Qantas originally planned its temporary schedule changes only through mid-July but the airline now keeps them in place for an extra three months. The carrier continues to redeploy aircraft to boost services between Australia and Europe, adding roughly 2,000 extra seats on those routes each week.
Capacity is being pulled back elsewhere, including a pause on the Sydney to Bengaluru route operated under the group’s brands. Qantas outlines that these moves collectively trim previously planned group international capacity by around two percentage points in the first quarter of FY27.
The network reshuffle concentrates scarce long-haul aircraft on demand-heavy Europe services, where fuel cost pressures and longer routings can hit margins hardest. Qantas and Jetstar scale back in other markets to free up aircraft and crews, using the temporary suspension of specific routes like Sydney-Bengaluru as a release valve.
The additional Europe seats aim to capture strong Australia-Europe demand even as operating costs rise.

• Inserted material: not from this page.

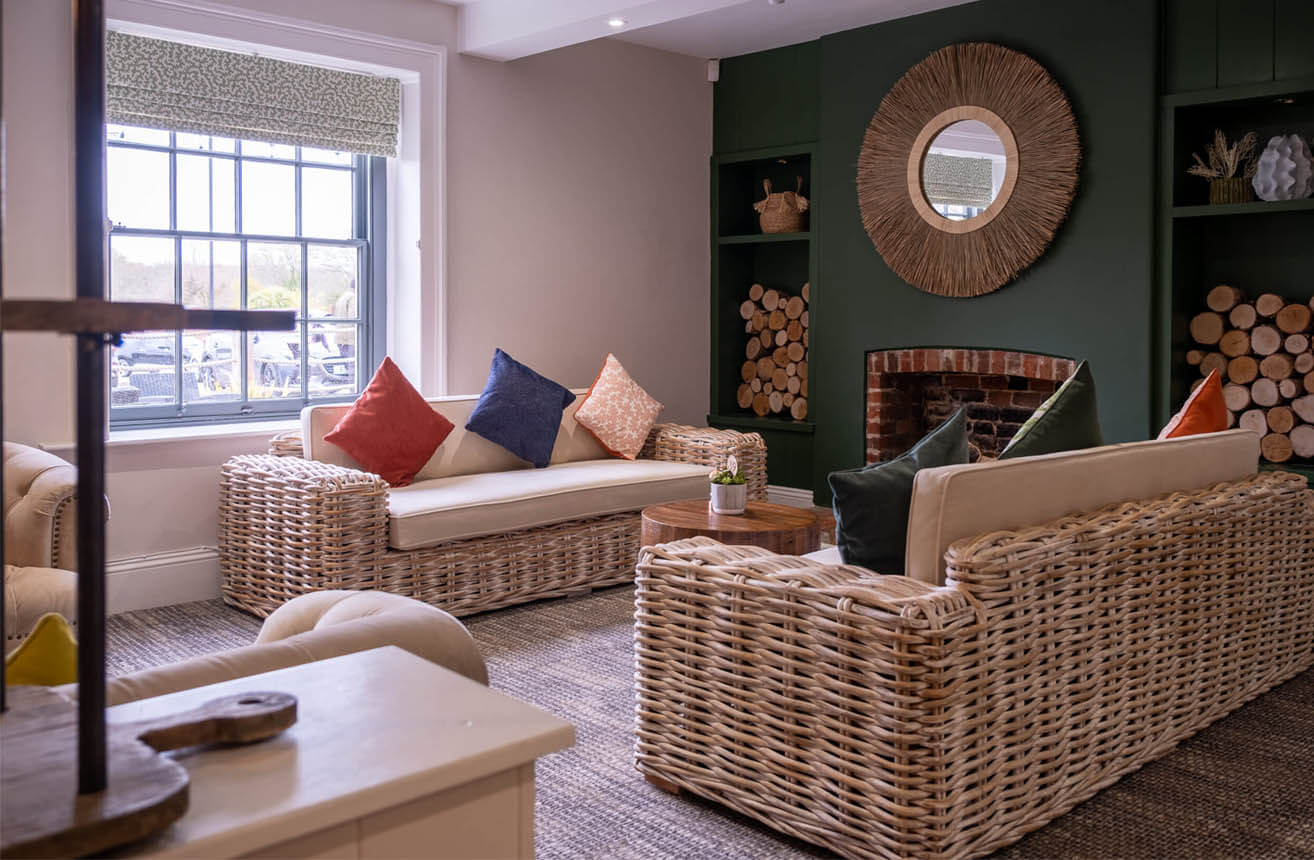 Naish-Coast-House-2-1314x860-1__FillMaxWzEzMTQsODYwXQ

For travellers, the changes mean more options to Europe from Australia but fewer choices on some secondary international links.
Investors and analysts are watching the two-percentage-point capacity reduction closely, since it shapes revenue expectations for Q1 FY27 and shows how aggressively the group prioritises profitability over volume. The key tension now sits around how long elevated fuel costs, and therefore these schedule adjustments, need to stay in place.